### [Entries supplied]
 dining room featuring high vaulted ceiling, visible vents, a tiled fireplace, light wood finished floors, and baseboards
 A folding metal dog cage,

--

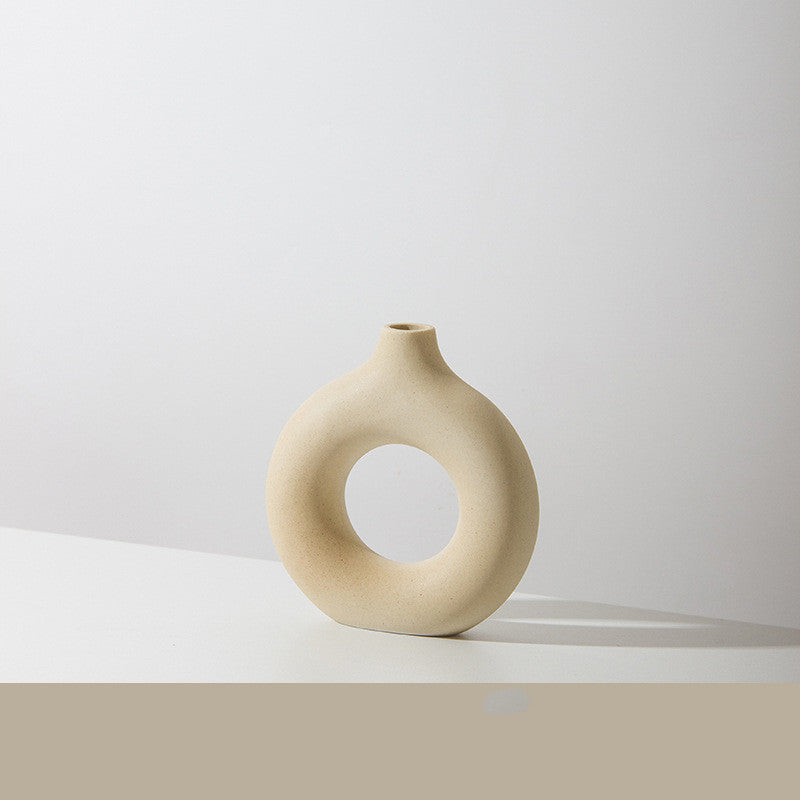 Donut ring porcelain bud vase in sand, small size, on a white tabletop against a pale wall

### [Exercise]
Give back the records above exactly, limited to the lines between the one holding "dining room featuring" and the one holding "A folding metal", inclusive.

### [The answer]
 dining room featuring high vaulted ceiling, visible vents, a tiled fireplace, light wood finished floors, and baseboards
 A folding metal dog cage,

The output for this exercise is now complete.